We hopped onto an elevator, and I mean Iggy actually _bunny hopped _into the elevator. Seriously, how did he get into the FBI? Oh right. With his special ability to make even a potato and a penny blow up a room. Boss turned to face us. "From today, we will be working with Mr. Pottucinni."

"Seriously?" Iggy looked incredulous. I would too, if it weren't for my ability to resemble a brick wall. Mr. Pottucinni was like, the most famous agent manager in the FBI! He manages the Top 5 agents! This whole Maximum dude situation just got better. The elevator opened with a ding and we walked into the Top 5 Wing. A middle aged man in jeans and a green T-shirt, maybe about 45 years old, was working at a desk. He had chocolate brown hair and seemed somewhat well-built. Butterflies started thrashing around in my stomach. Mr. Pottucinni looked up.

"Oh! Sorry I didn't notice you sooner! You must be Mr. Quarnet, Nick, and James. Please sit down. Maximum should be here soon."

"Th-thanks Mr. Pottucinni sir!" Damn those butterflies! I **never **stammer.

"If you'll excuse us, me and Mr. Quarnet are going to discuss the case. Do you mind waiting?" the question was directed towards me and Ig.

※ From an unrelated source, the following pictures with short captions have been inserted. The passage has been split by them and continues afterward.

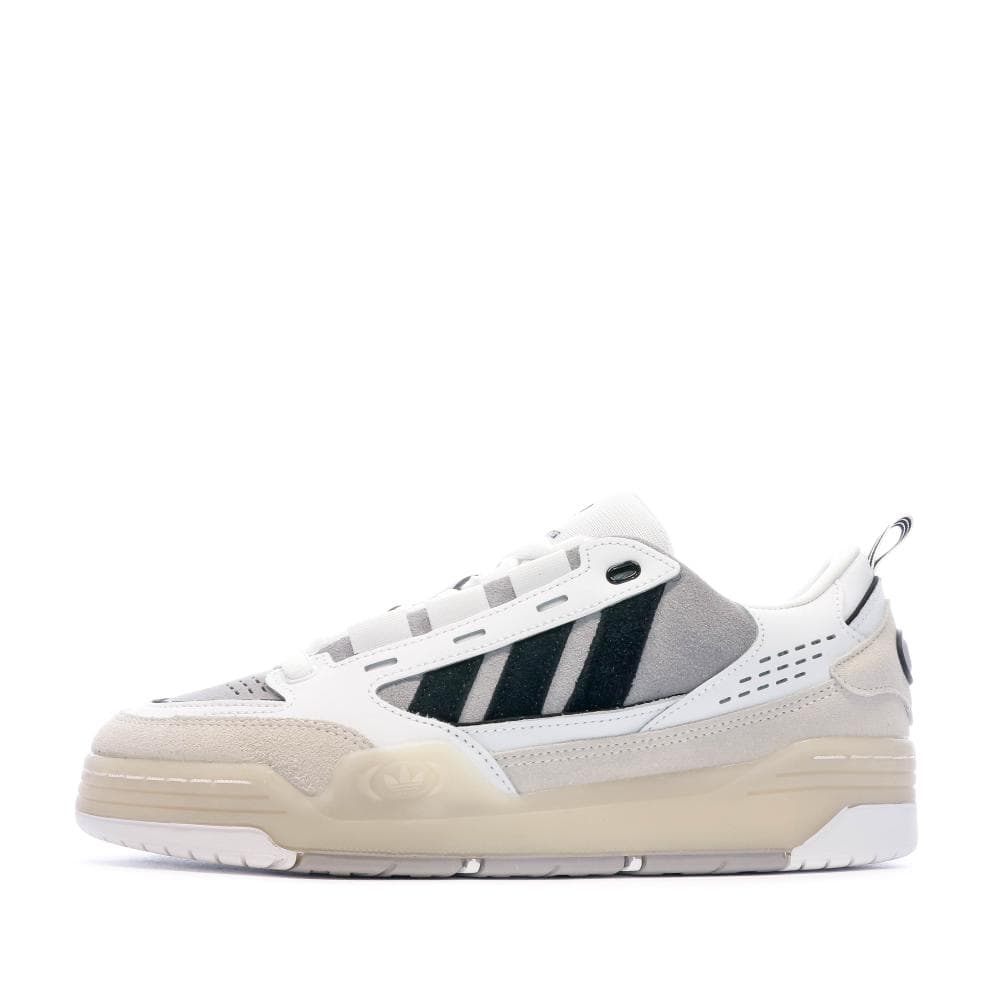 Baskets Blanc Homme Adidas Adi2000 1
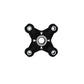 705501264 Front/Rear Wheel Hub Fits Can-Am OUTLANDER 1000 OUTLANDER 450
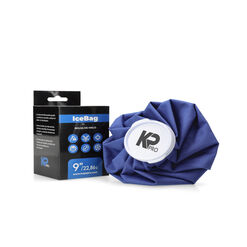 Bolsa de Hielo Kapepro 9 Pulgadas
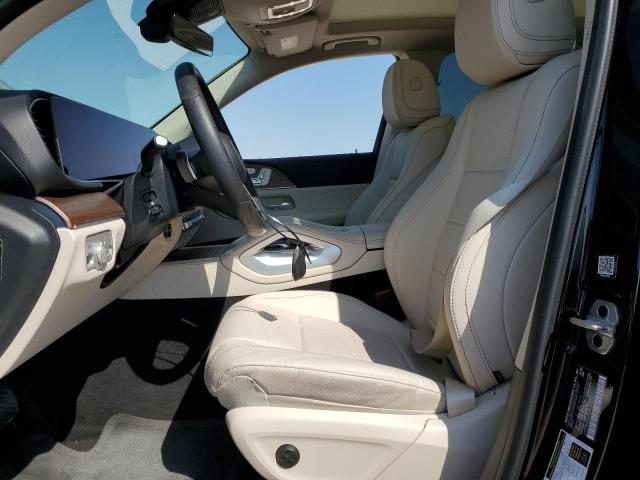 2024 MERCEDES-BENZ GLE 350 4M - 4JGFB4FB0RB133925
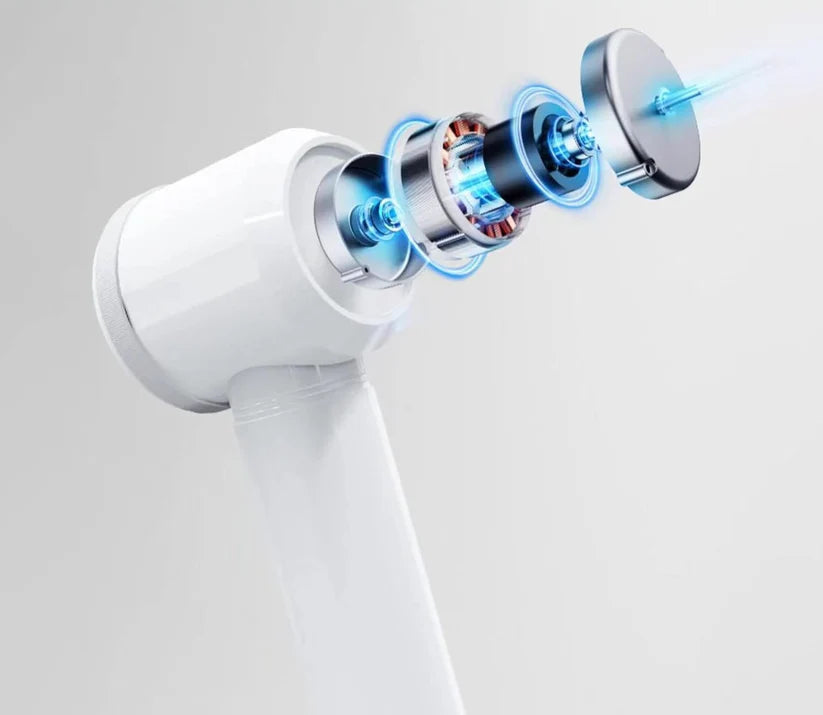 🧽Cepillo De Limpieza Magic Brush 5 en 1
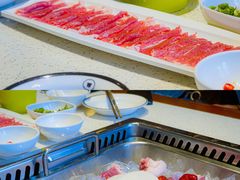 -九府羊·鲜羊火锅·烤串(新华路店)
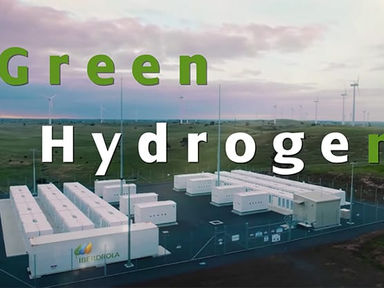 Green Hydrogen: A Fuel for Future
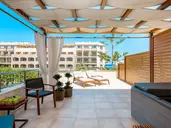 Theartemis Palace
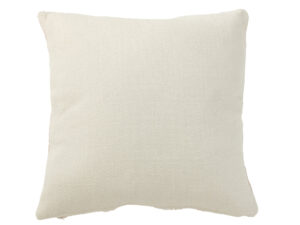 Kussen Raandon Roze 43x43 cm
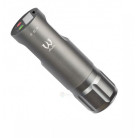 Машинка для тату беспроводная EP7 AVA Tattoo (Grey) 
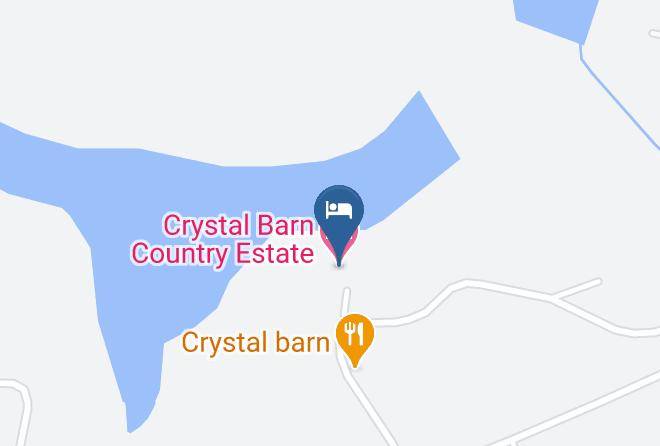 Umgungundlovu - Crystal Barn Country Estate Maps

"O-Of course not, sir!" Iggy stammered. Guess this is getting to him, too. With that they walked out and disappeared behind a door. Iggy turned to me with his eyes wide with excitement.

"This is going to be great! Mr. P's cooler than I thought he was, and I thought he would be pretty cool before!"

"Ig, calm down. Right now we have to focus o-"

The door slammed open and a girl strolled in.

"Hey Bla- who are _you_?" I couldn't say anything. If I did, it would probably be ba-bab-ba? Holy shit this girl was gorgeous! Her hair wasn't completely blond. Underneath her streaks she had light, caramel colored hair. She was tall, slim, and athletic. She was about 5'8" to my 6'2". She had slightly sun-tanned skin and her posture screamed ATTITUDE! And she had a pair of stunning violet eyes. Yes I said violet. She had a ring of black outlining the violet. I couldn't tear my eyes away from hers. They seemed so kind and gentle, but could be cold and hard when she wanted them to. It seemed like she could see straight into my soul. I could gaze into those endless depths forever if it weren't for Iggy nudging me in the ribs.

I collected myself and gave her my famous smirk. "I could ask you the same question."

She was about to retort when Mr. Pottucinni strolled in with Boss. They both had happy grins on their faces.

"Yo, Blake. Why'd you call?" Did that chick just call him BLAKE? Who does she think she is? You don't call Mr. Pottucinni BLAKE.

"These are your new comrades, Max." Wait-what? She's Maximum? MAXIMUM'S A GIRL?"


	4. Chapter Four

**Thanx for the reviews peoples! I'm also thinking of getting a beta, ONLY THINKING! So if you want to beta this story, just let me know.**

MAX POV

I walked into headquarters. Needless to say, I'm pretty popular here, so I got a lot of hi's and hey's on my way up to Blake's office.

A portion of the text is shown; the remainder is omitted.